■ Problem
Repeat exactly the lines below, from the line containing "Грес Florentine Marble" through the last line, both included. Leave out any pictures.

■ Records for the exercise

++++++++++

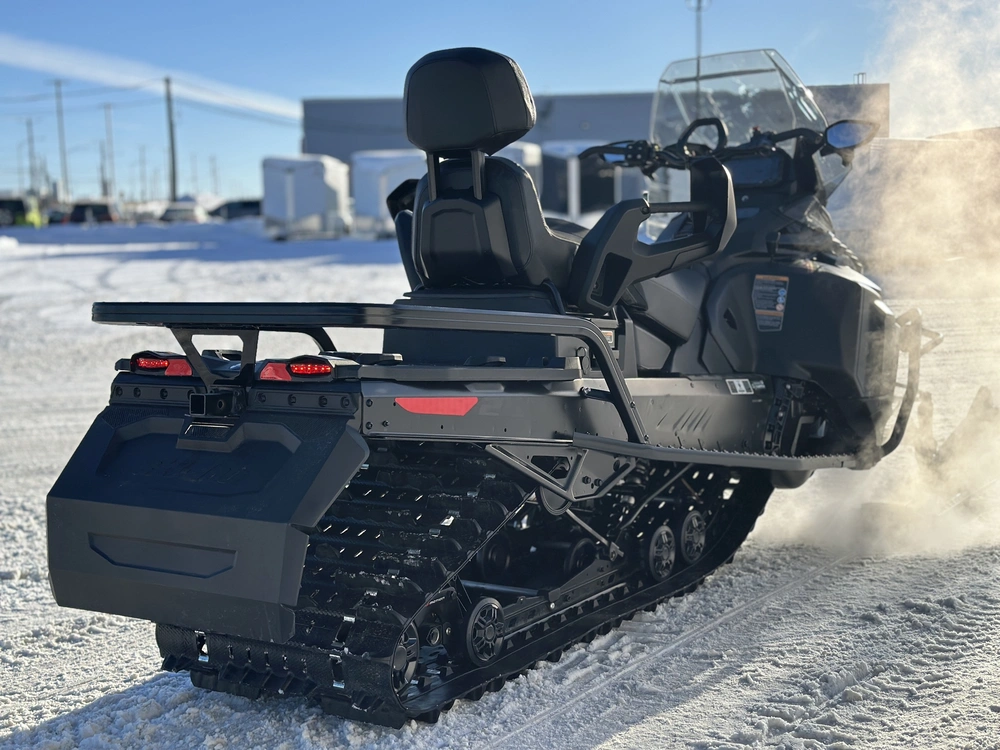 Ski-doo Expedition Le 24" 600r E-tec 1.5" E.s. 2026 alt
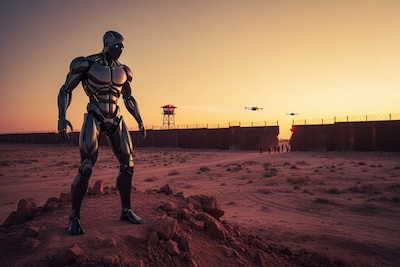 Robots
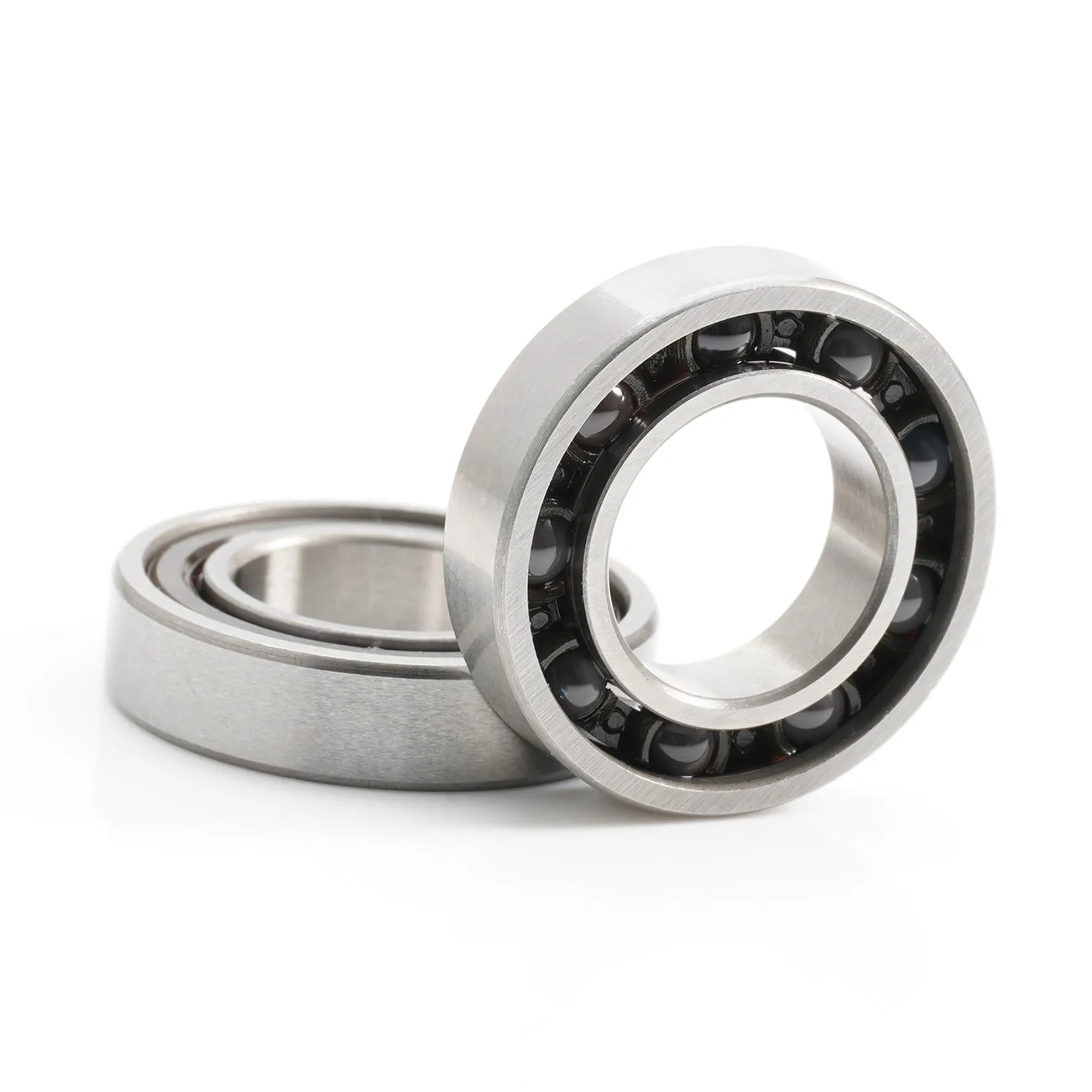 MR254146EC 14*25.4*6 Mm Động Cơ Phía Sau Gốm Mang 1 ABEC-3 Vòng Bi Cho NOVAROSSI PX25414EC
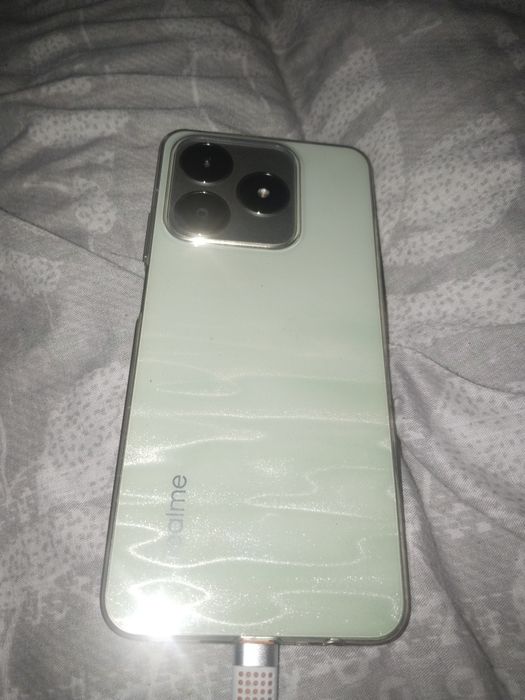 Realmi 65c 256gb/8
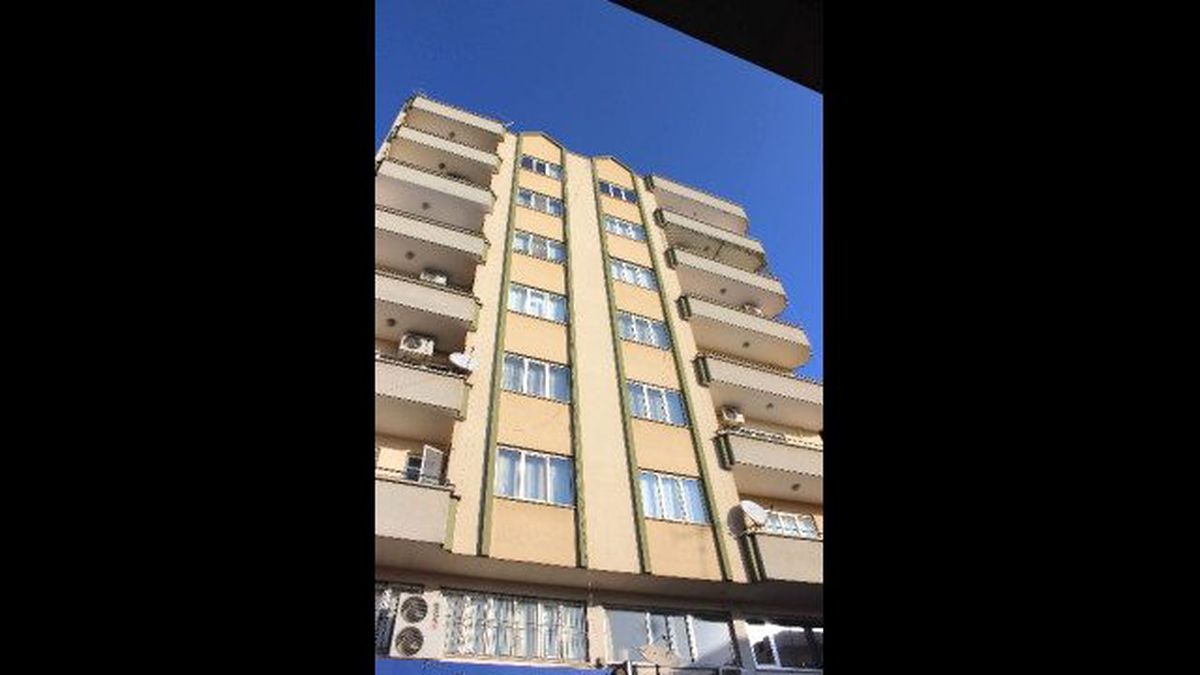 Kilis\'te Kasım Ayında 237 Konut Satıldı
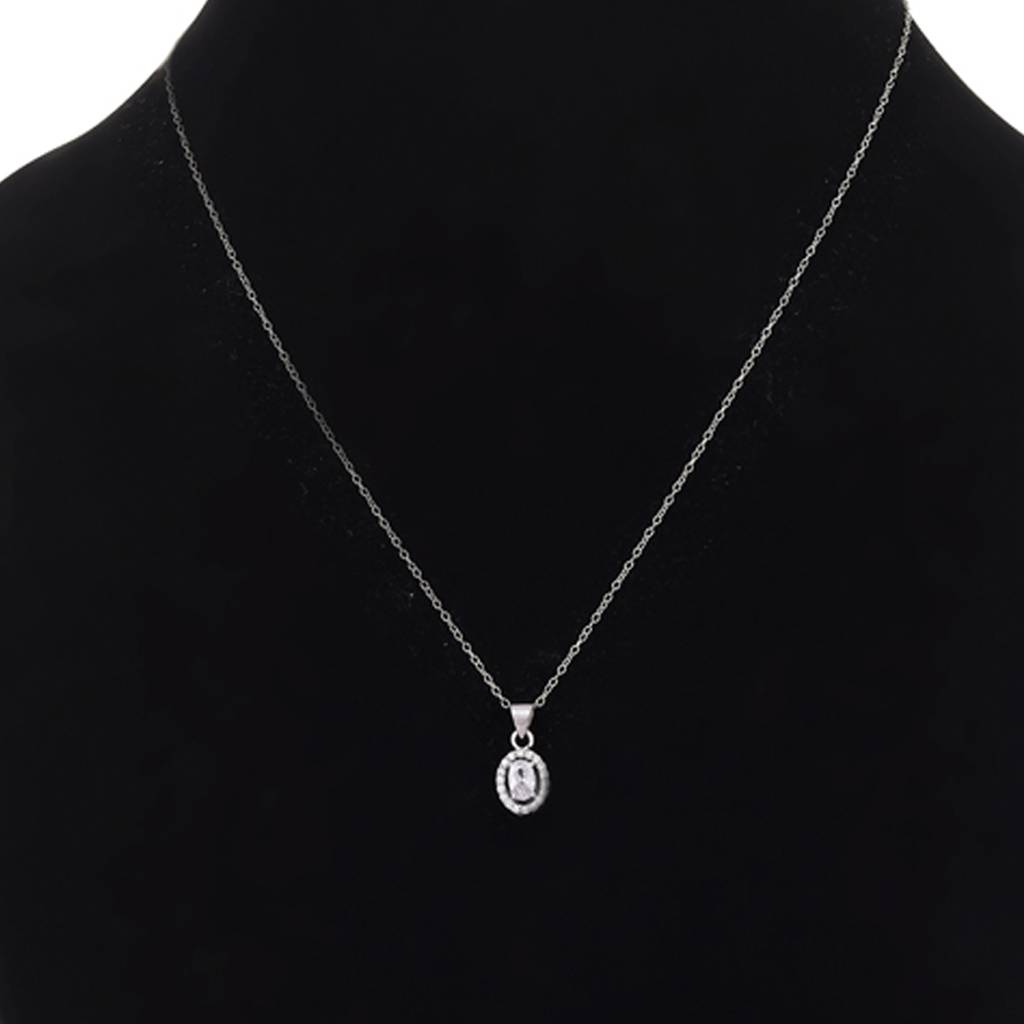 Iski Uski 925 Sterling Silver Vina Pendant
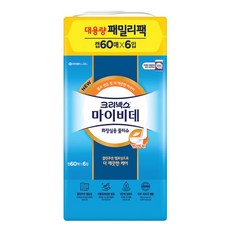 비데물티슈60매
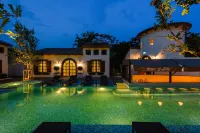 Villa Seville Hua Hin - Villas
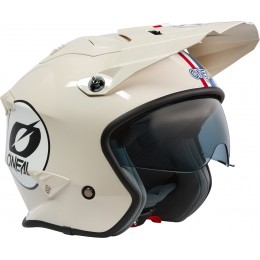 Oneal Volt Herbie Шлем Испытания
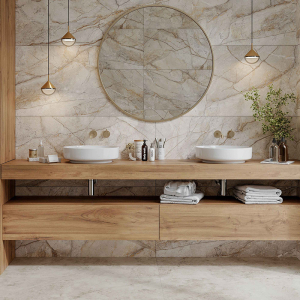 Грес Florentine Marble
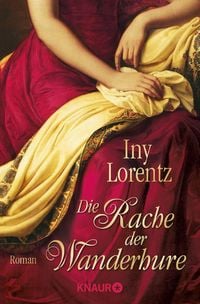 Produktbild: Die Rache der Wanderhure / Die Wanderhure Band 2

++++++++++

■ Expected answer
 Грес Florentine Marble
 Produktbild: Die Rache der Wanderhure / Die Wanderhure Band 2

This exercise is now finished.